# What is required
All of the data should be copied exactly, with the pictures left out.

# Extracted data
---
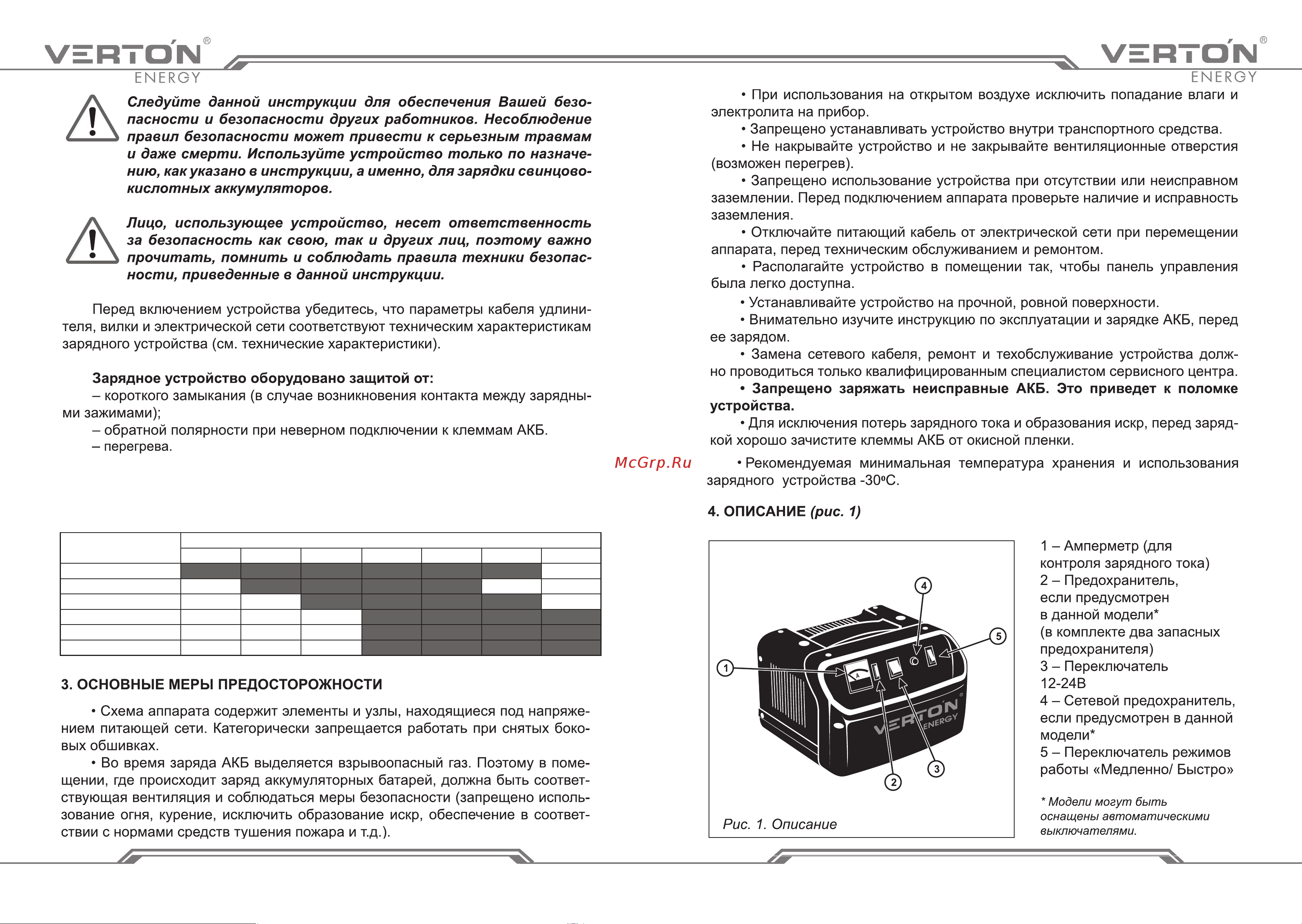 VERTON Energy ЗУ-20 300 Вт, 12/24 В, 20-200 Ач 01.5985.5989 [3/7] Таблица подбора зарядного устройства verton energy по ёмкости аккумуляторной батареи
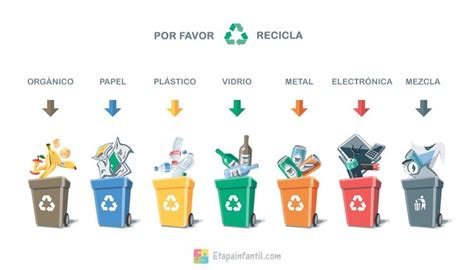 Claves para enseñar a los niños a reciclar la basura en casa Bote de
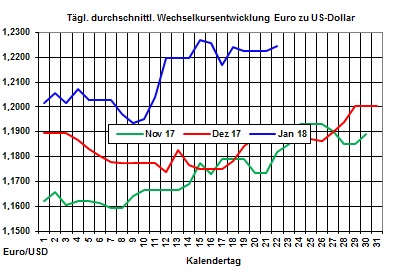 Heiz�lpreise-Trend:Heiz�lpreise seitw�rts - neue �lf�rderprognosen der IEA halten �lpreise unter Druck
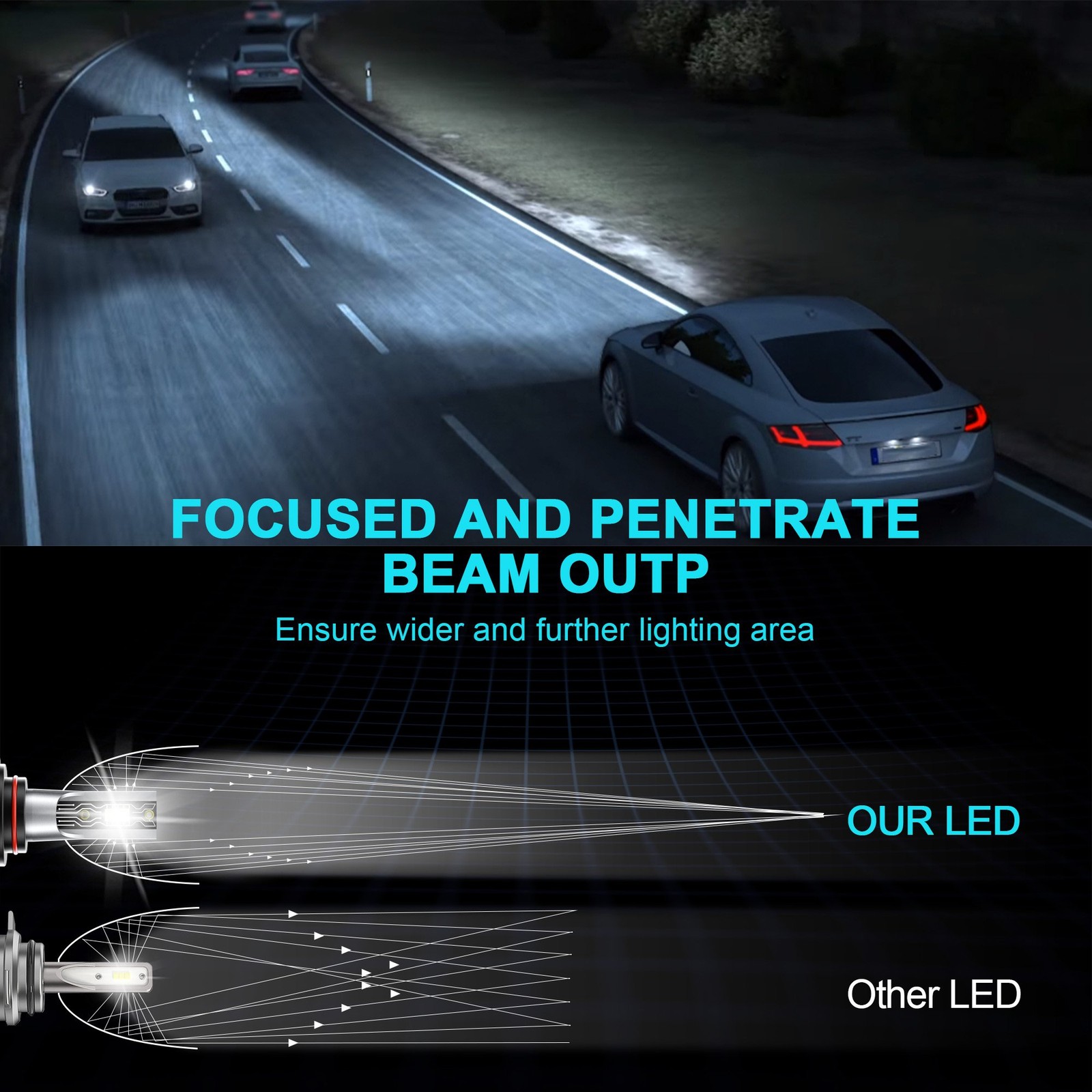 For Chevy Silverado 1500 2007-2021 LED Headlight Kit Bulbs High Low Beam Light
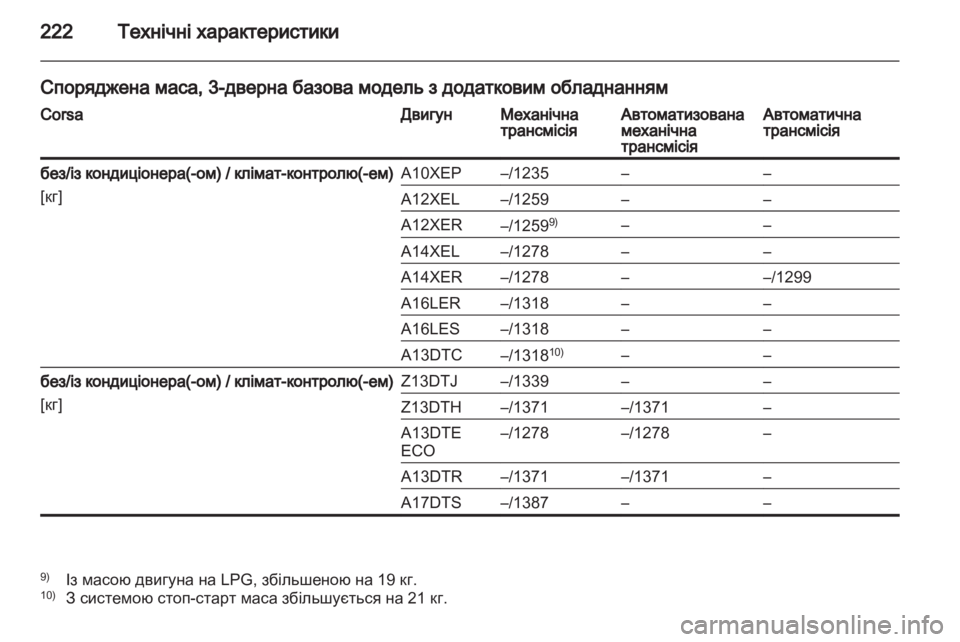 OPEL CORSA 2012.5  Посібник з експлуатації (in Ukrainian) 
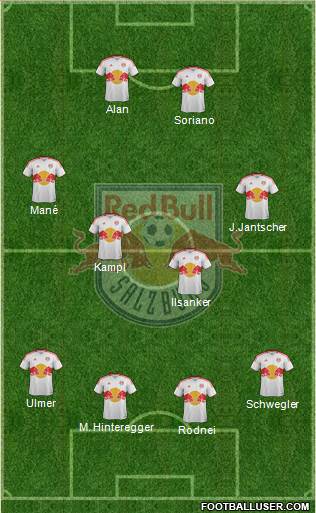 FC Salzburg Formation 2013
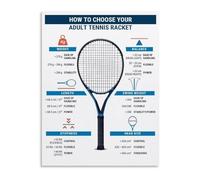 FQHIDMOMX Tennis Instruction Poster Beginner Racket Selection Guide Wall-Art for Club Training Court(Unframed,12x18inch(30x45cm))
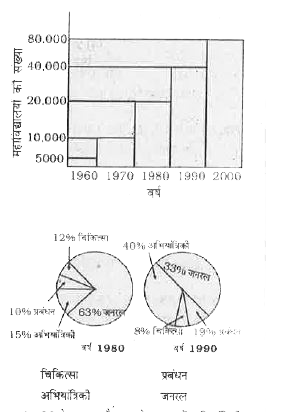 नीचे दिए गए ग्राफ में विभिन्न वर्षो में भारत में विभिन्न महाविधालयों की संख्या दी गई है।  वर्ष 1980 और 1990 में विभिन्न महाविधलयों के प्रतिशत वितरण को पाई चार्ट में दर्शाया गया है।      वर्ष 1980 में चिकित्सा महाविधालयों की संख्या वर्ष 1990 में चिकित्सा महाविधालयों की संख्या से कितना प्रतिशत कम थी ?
---
# Exercise solution
 VERTON Energy ЗУ-20 300 Вт, 12/24 В, 20-200 Ач 01.5985.5989 [3/7] Таблица подбора зарядного устройства verton energy по ёмкости аккумуляторной батареи
 Claves para enseñar a los niños a reciclar la basura en casa Bote de
 Heiz�lpreise-Trend:Heiz�lpreise seitw�rts - neue �lf�rderprognosen der IEA halten �lpreise unter Druck
 For Chevy Silverado 1500 2007-2021 LED Headlight Kit Bulbs High Low Beam Light
 OPEL CORSA 2012.5  Посібник з експлуатації (in Ukrainian) 
 FC Salzburg Formation 2013
 FQHIDMOMX Tennis Instruction Poster Beginner Racket Selection Guide Wall-Art for Club Training Court(Unframed,12x18inch(30x45cm))
 नीचे दिए गए ग्राफ में विभिन्न वर्षो में भारत में विभिन्न महाविधालयों की संख्या दी गई है।  वर्ष 1980 और 1990 में विभिन्न महाविधलयों के प्रतिशत वितरण को पाई चार्ट में दर्शाया गया है।      वर्ष 1980 में चिकित्सा महाविधालयों की संख्या वर्ष 1990 में चिकित्सा महाविधालयों की संख्या से कितना प्रतिशत कम थी ?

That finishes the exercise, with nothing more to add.